What to do:
Your task is to transcribe the data exactly while omitting each picture.

Data in this exercise:
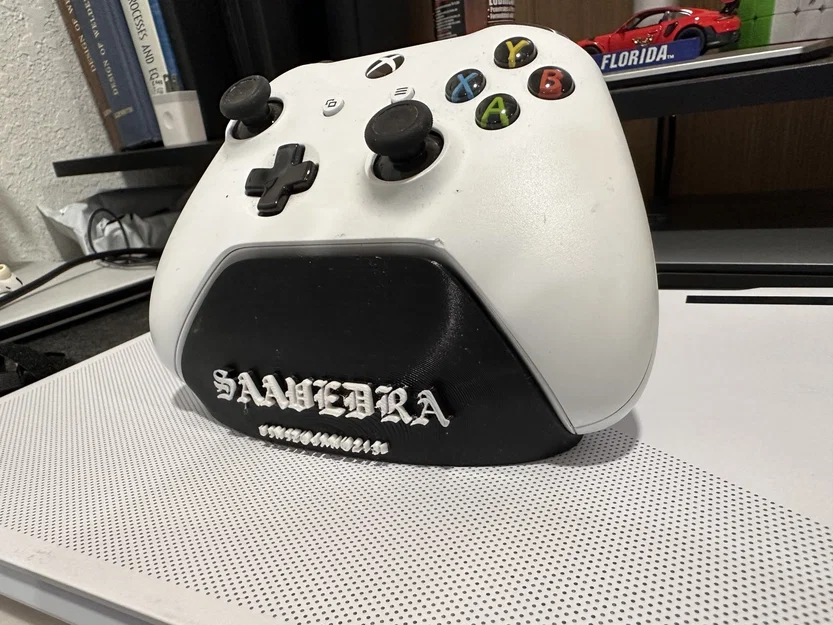 Giá đỡ tay cầm Xbox với mặt sau phẳng cho in 3D - Image 2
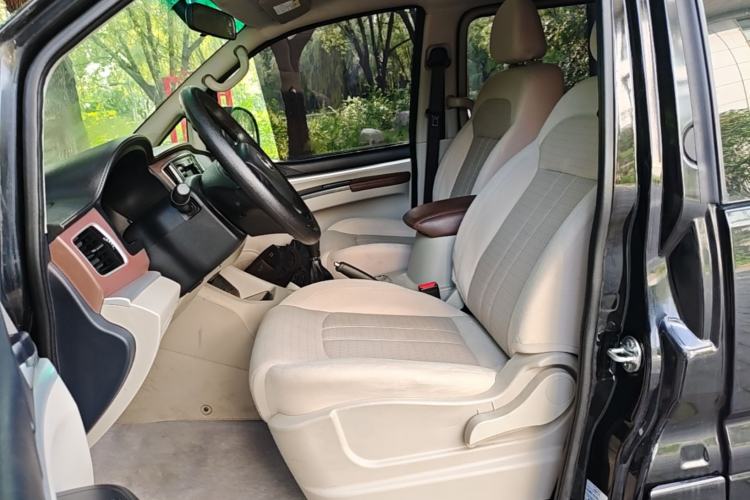 Used FORTHING Lingzhi 2019 M5L 1.6L 7-Seater Comfort Model China VI Standard Left Front Seat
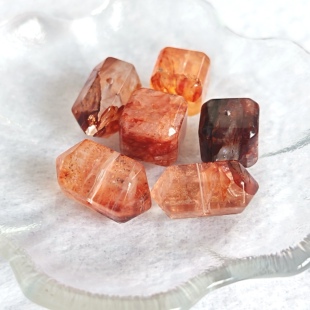 天然芬达胶花红胶花牛血黄胶花双尖方糖散珠手工DIY串珠配件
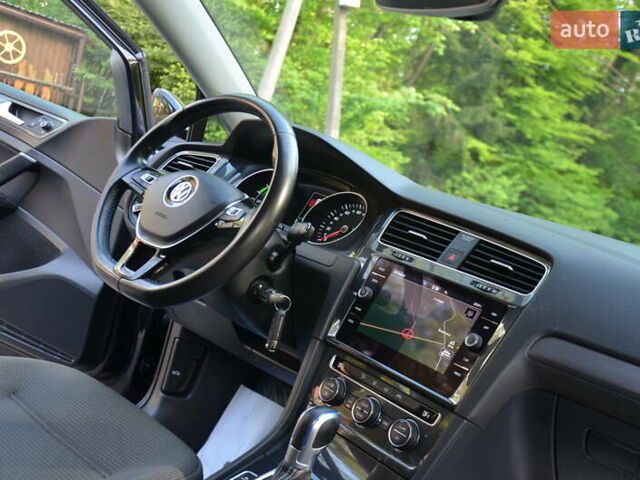 Черный Фольксваген e-Golf, объемом двигателя 0 л и пробегом 92 тыс. км за 11950 $, фото 59 на Automoto.ua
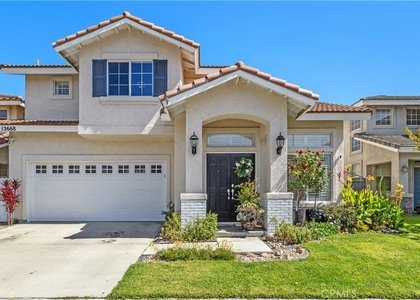 13668 Kingsbridge - Photo 1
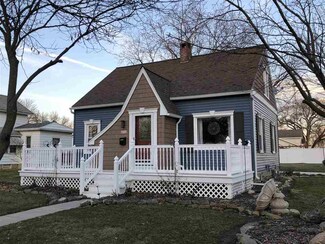 705 Sprunger St, Berne, IN 46711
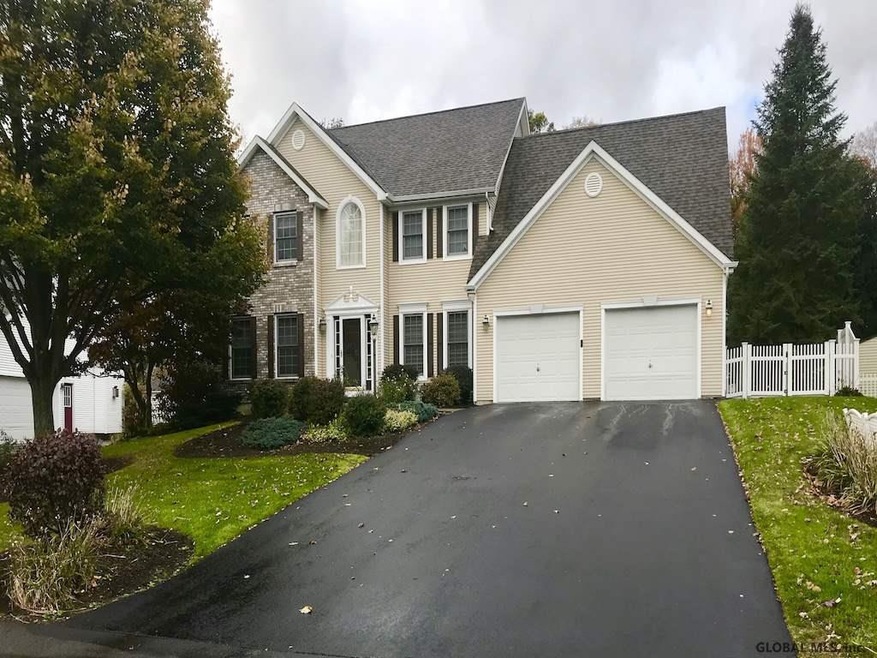 711 Wasentha Way, Slingerlands, NY 12159 - photo 1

Result of the exercise:
 Giá đỡ tay cầm Xbox với mặt sau phẳng cho in 3D - Image 2
 Used FORTHING Lingzhi 2019 M5L 1.6L 7-Seater Comfort Model China VI Standard Left Front Seat
 天然芬达胶花红胶花牛血黄胶花双尖方糖散珠手工DIY串珠配件
 Черный Фольксваген e-Golf, объемом двигателя 0 л и пробегом 92 тыс. км за 11950 $, фото 59 на Automoto.ua
 13668 Kingsbridge - Photo 1
 705 Sprunger St, Berne, IN 46711
 711 Wasentha Way, Slingerlands, NY 12159 - photo 1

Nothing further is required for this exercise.